Die Teilnehmenden erhalten Einblicke in die im STELLA PSS integrierten Technologien, darunter Satellitenüberwachung, Drohnen, KI-gestützte Erkundungslösungen und mobile Anwendungen. Zusätzlich wird das QuantiFarm Toolkit vorgestellt – eine Sammlung digitaler landwirtschaftlicher Technologien (DATs), die dazu dienen, Entscheidungen im Pflanzenbau zu optimieren und die Effizienz in unterschiedlichen Anbausystemen zu steigern.

Registrierungslink (nicht mehr aktiv – gültig bis zum 4. Juni): https://shorturl.at/NL50U  
Workshopsprache: Englisch

Organisiert mit Beiträgen von: Agricultural University of Athens | University of Natural Resources and Life Sciences, Vienna (BOKU) | reframe.food | METOS by Pessl Instruments | AgriFood Lithuania DIH | EdenCore Technologies 

Abbildung 2: In den Feldern aufgestellte Schädlingsfallen.
Kredit: IFV (Französisches Wein- und Rebinstitut)

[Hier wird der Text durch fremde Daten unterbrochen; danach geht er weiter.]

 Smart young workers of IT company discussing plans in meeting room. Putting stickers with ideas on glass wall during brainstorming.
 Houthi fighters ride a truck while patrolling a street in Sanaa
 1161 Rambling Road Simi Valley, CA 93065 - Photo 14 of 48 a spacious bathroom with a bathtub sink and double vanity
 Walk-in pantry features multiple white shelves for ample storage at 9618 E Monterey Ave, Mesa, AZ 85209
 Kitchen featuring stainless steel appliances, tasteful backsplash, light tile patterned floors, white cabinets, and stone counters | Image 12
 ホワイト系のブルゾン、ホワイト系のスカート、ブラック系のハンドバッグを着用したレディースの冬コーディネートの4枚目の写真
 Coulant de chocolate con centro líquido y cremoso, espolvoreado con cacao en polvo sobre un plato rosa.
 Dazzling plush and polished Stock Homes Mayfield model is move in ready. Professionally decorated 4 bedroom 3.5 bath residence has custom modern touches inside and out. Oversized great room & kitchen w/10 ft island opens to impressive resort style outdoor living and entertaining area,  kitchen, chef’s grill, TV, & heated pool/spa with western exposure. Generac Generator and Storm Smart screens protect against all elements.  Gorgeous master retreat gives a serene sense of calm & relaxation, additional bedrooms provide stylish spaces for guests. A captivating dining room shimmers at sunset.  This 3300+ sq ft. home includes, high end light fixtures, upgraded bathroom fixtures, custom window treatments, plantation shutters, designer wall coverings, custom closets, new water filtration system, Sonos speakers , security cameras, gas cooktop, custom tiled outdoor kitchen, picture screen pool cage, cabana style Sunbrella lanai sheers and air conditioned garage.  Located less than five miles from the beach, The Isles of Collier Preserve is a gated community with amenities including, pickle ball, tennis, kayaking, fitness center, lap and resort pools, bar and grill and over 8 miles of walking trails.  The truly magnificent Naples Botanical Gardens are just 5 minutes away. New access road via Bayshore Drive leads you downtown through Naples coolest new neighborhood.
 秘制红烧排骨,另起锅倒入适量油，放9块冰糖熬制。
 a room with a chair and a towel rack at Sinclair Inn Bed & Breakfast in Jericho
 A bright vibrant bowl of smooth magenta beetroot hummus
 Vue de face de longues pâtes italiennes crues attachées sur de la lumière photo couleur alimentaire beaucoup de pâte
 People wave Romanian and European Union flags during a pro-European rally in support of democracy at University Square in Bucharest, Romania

Stakeholder-Befragung zur Entwicklung der Plattform

Parallel dazu führt das STELLA-Konsortium eine Umfrage unter Stakeholdern durch, um die Bedürfnisse, Praktiken und Erwartungen der landwirtschaftlichen Gemeinschaft besser zu verstehen. Zielgruppen sind Landwirte, Förster, Forschende, politische Entscheidungsträger, AgriTech-Experten und engagierte Bürger. Die Ergebnisse fließen in die nutzerzentrierte Entwicklung der PSS-Plattform ein.

Die Umfrage ist weiterhin geöffnet. Alle interessierten Stakeholder sind eingeladen, teilzunehmen. Die zentrale Botschaft in allen Sprachversionen und Kommunikationskanälen bleibt gleich: „Ihre Expertise macht den Unterschied.“ Jede Rückmeldung trägt dazu bei, die Zukunft der Pflanzengesundheit in Europa effektiver, integrativer und wirkungsvoller zu gestalten.

Links zur Umfrage (verfügbar in drei Sprachen):
Englisch (nicht mehr aktiv – gültig bis zum 16. Juni) – https://shorturl.at/RiQgP
Griechisch (nicht mehr aktiv – gültig bis zum 16. Juni) – https://shorturl.at/VcbeN 
Italienisch (nicht mehr aktiv – gültig bis zum 16. Juni) – https://shorturl.at/m6ZJZ 

Die Ergebnisse der Umfrage werden in die Gestaltung der STELLA PSS-Plattform einfließen, um sicherzustellen, dass sie den tatsächlichen Bedürfnissen der Endnutzer entspricht.